The goal is not to eliminate agents. 8×8 actually reported contact center seats up both quarter on quarter and year on year, even as AI usage surged. The goal is to shift agents to higher value interactions while AI handles repetitive work at scale.

Usage-Based Models As A CX Pressure Valve

If you step back from the numbers, 8×8’s quarter reads like an early case study in how CX vendors can unwind legacy complexity without stalling innovation.

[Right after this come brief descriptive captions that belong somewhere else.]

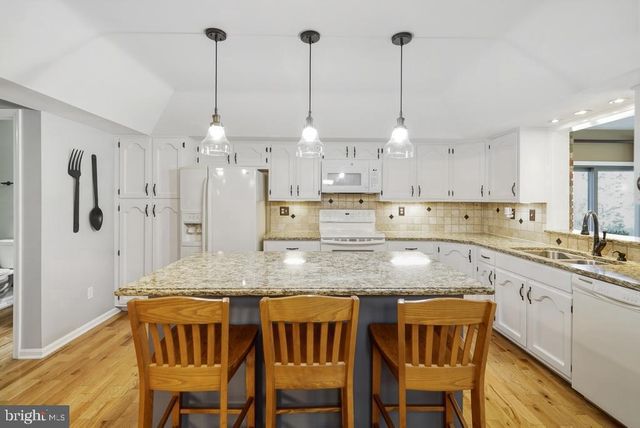 10555 PRINCE CHARLES DR, La Plata, MD 20646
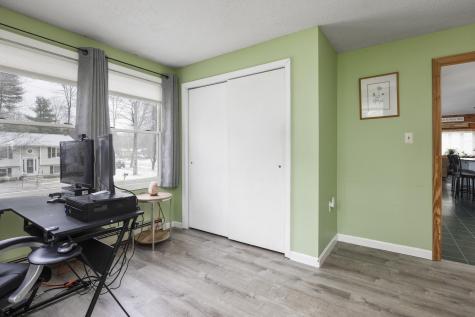 2 Carolyn Street Topsham ME 04086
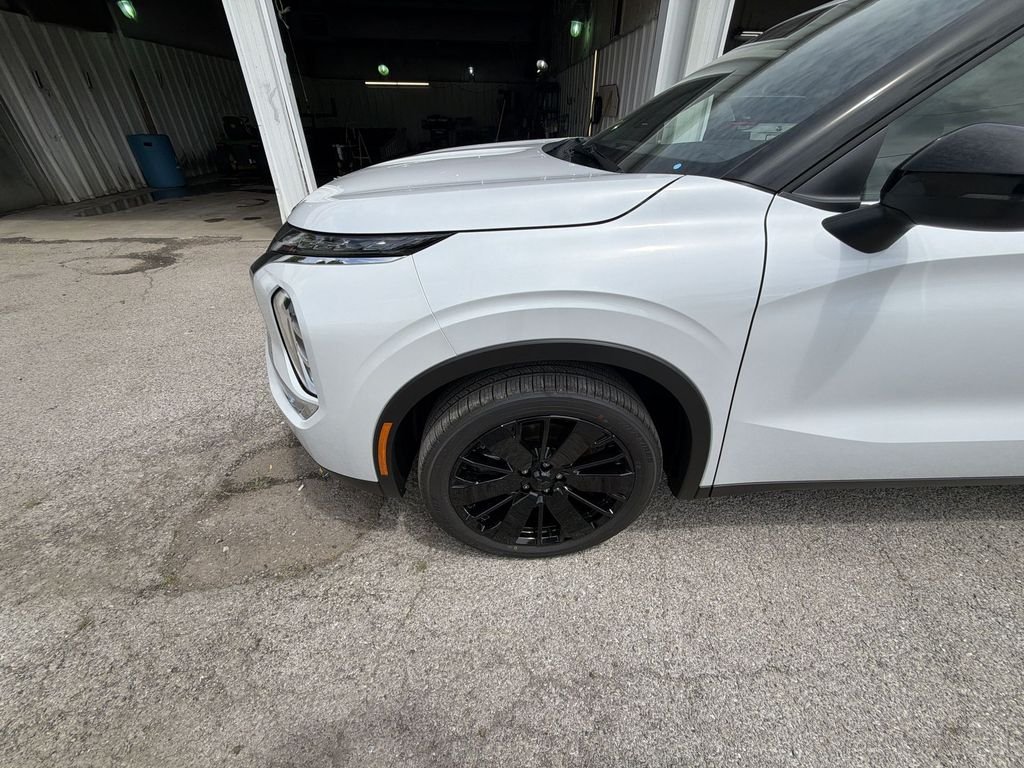 New 2026 White Mitsubishi LE image 10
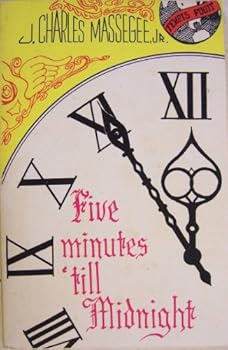 Paperback Five minutes 'till midnight: Book
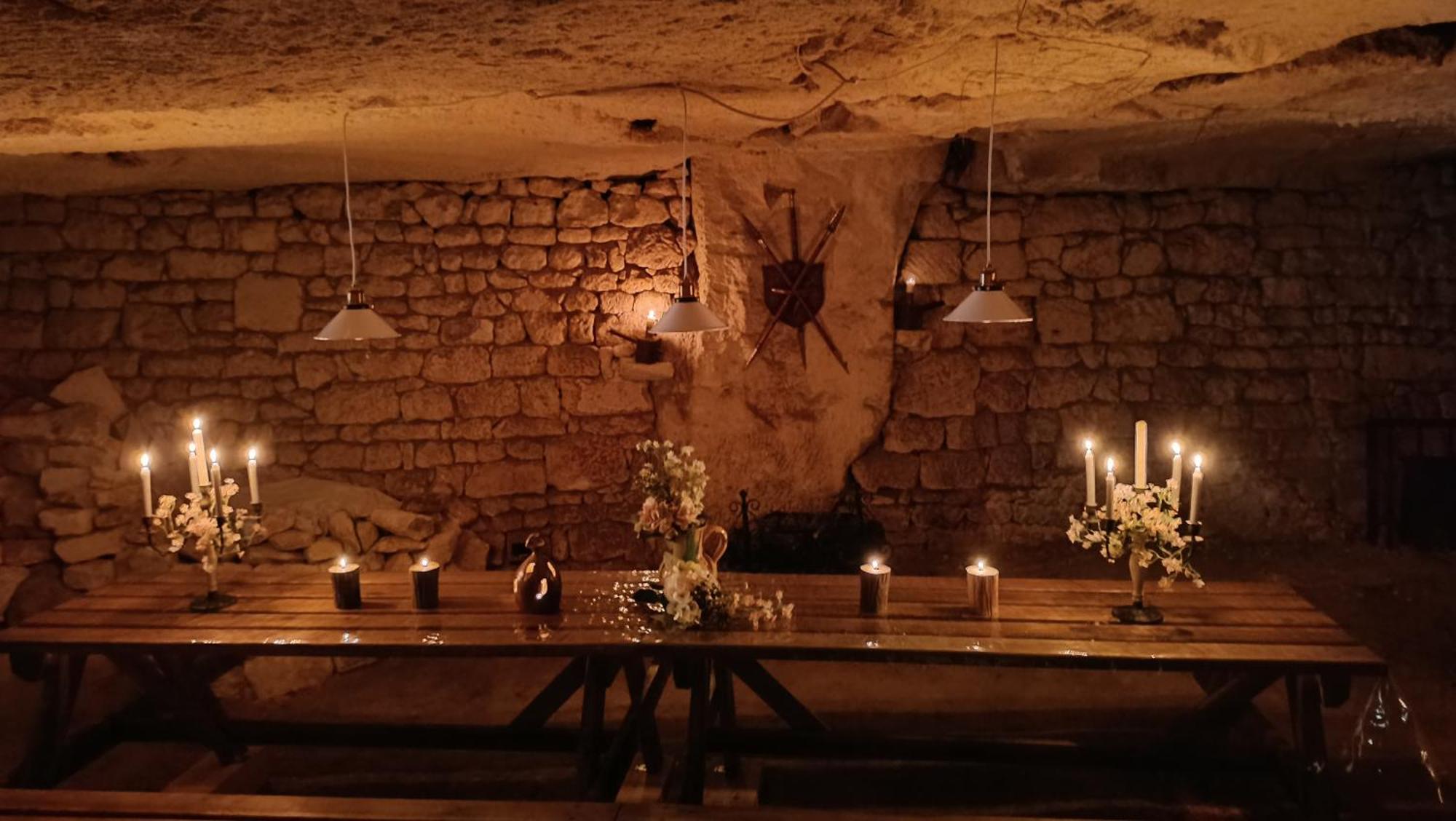 Meuble De Tourisme Petit Chail Saint Savinien 外观 照片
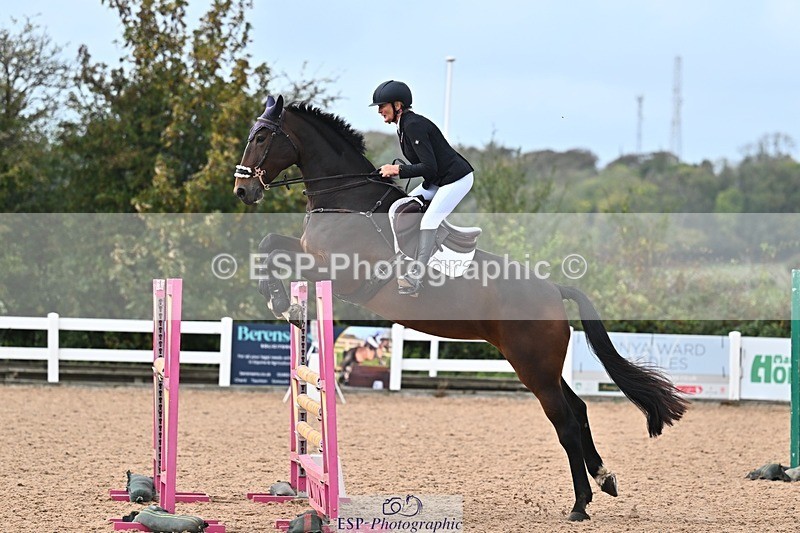 261014-125034-00497 - Cls  05 Snr Newcomers & 1.10m Open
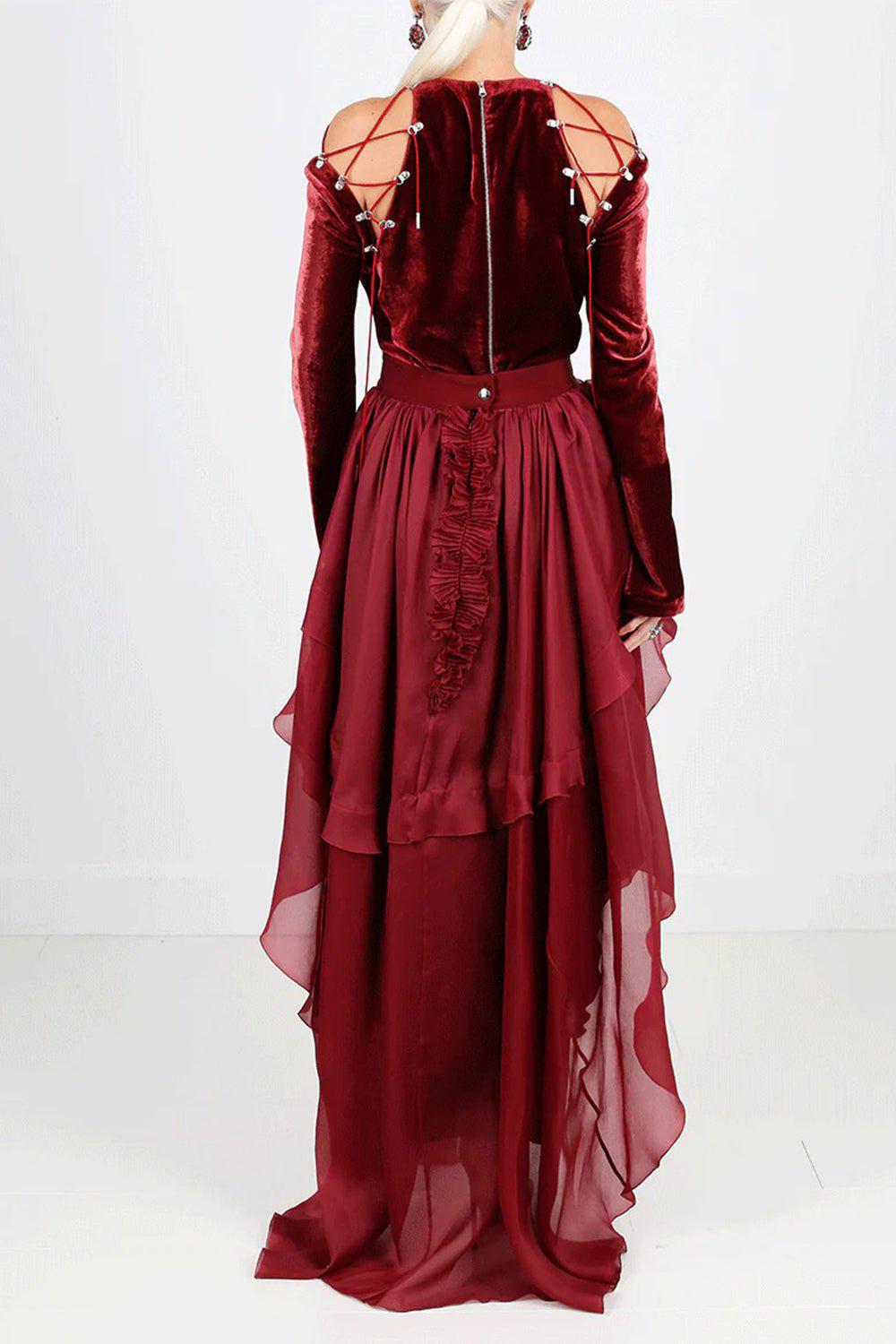Back view with exposed zip closure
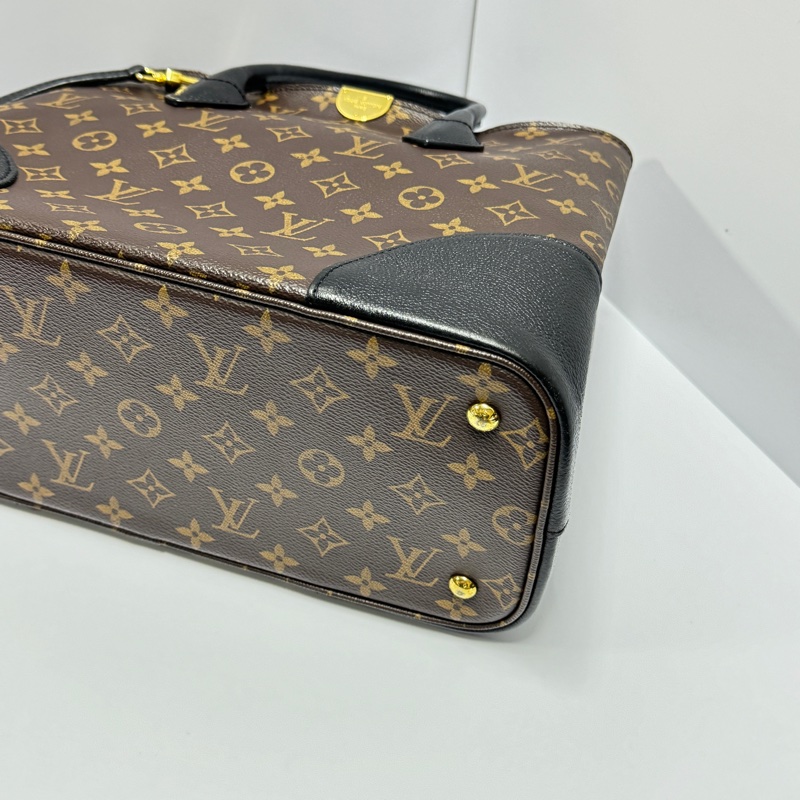 【超稀有釋出👑】 LV Flandrin 經典老花 肩背包 （專櫃12.5萬！）-7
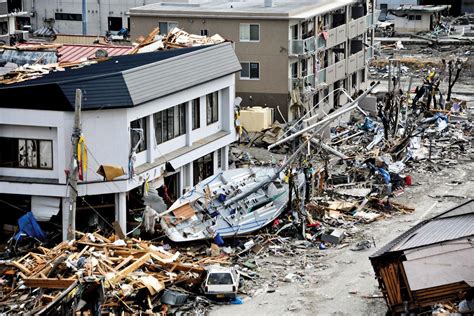 2011 東日本大震災：揭示日本社會結構的脆弱性和災難重建的堅韌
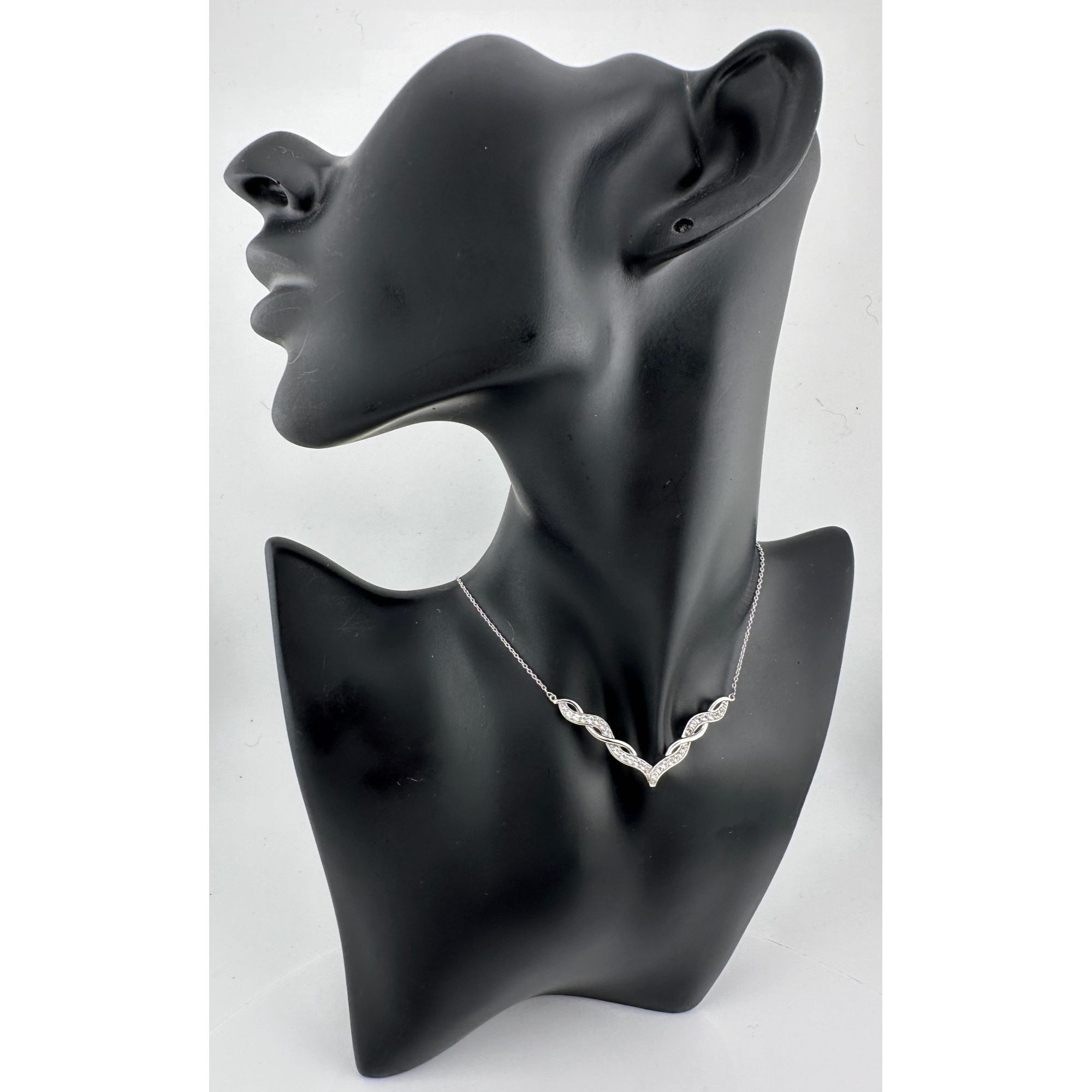 Other Elegant Twisted Silver White Sapphire Evening Necklace Size ONE SIZE - 2 Thumbnail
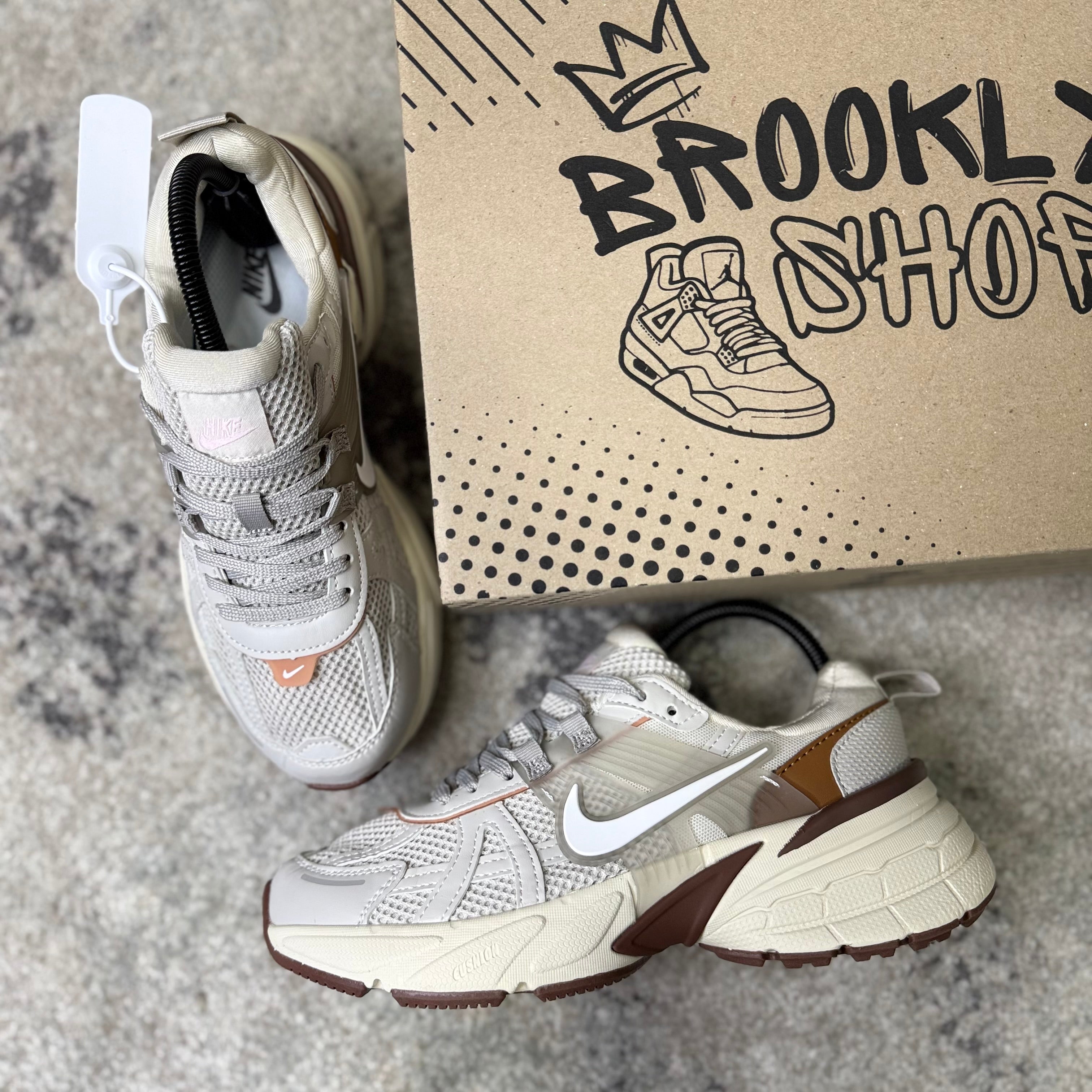 NIKE V2K RUN - BEIGE (AAA)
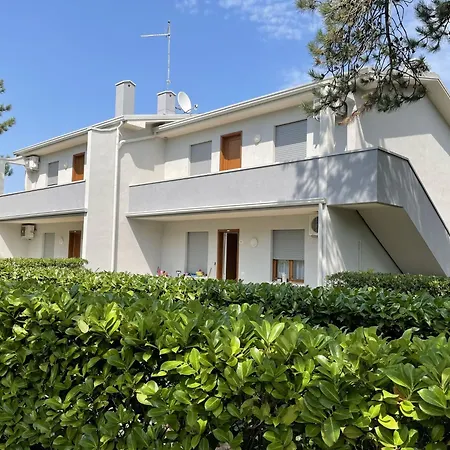 Apartman With Pool Access Bibione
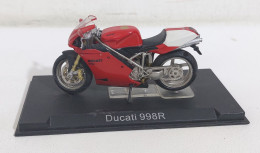 76351 Italeri 1/22 - Ducati 998R - 2002 - Motorcycles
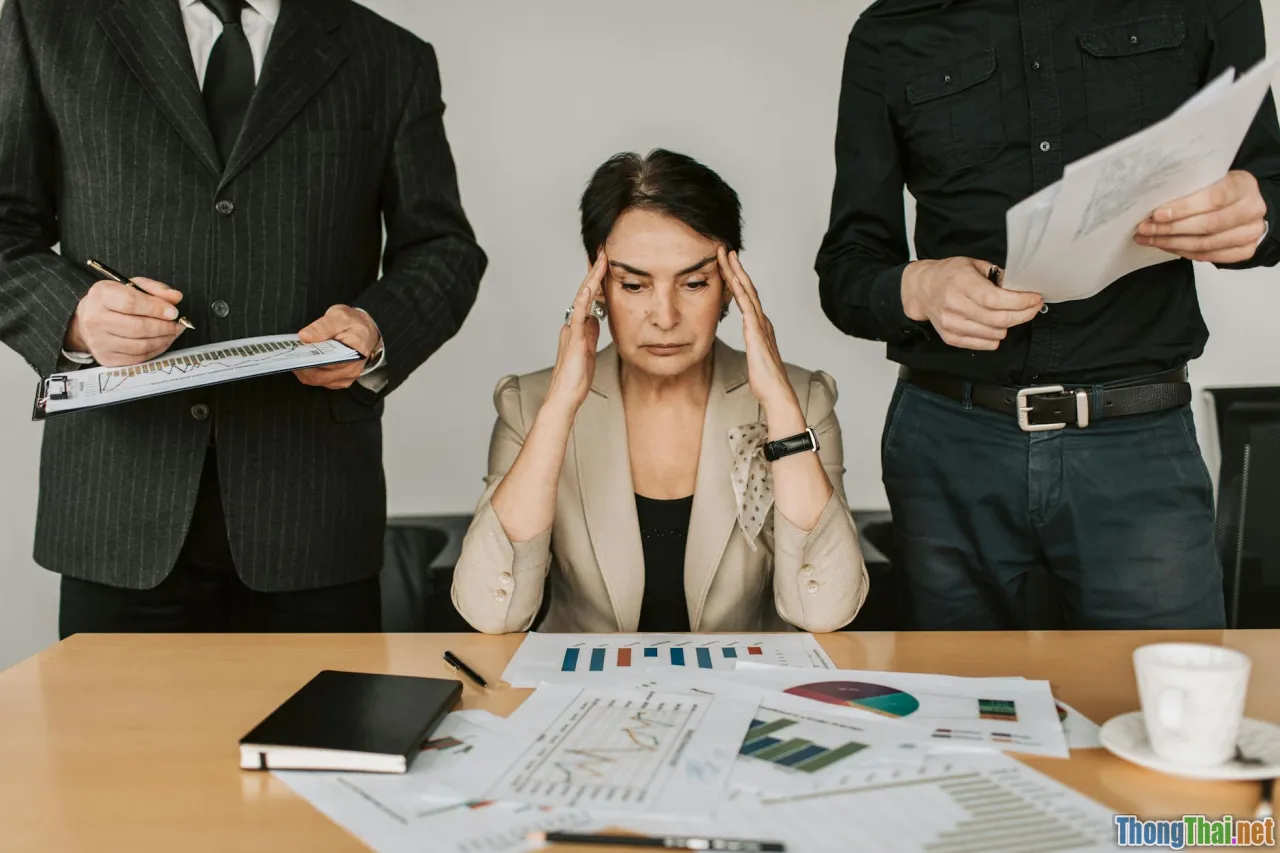 Bí quyết quản lý stress khi deadline bủa vây dành cho dân văn phòng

A few years from now, the headline may not be about Fuze at all. It will likely be about:

  • How quickly usage-based revenue grew as a share of total service revenue.
  • How much of that growth came from AI-led voice and digital journeys.
  • Which CX leaders used those models to unlock real productivity gains, not just to move budget around.

For CX leaders planning 2026 and 2027, the takeaway is clear. Align your contracts to the outcomes you care about, and push your vendors to meet you there. If your roadmap is full of AI, automation, and dynamic customer journeys, then your pricing model probably should be too.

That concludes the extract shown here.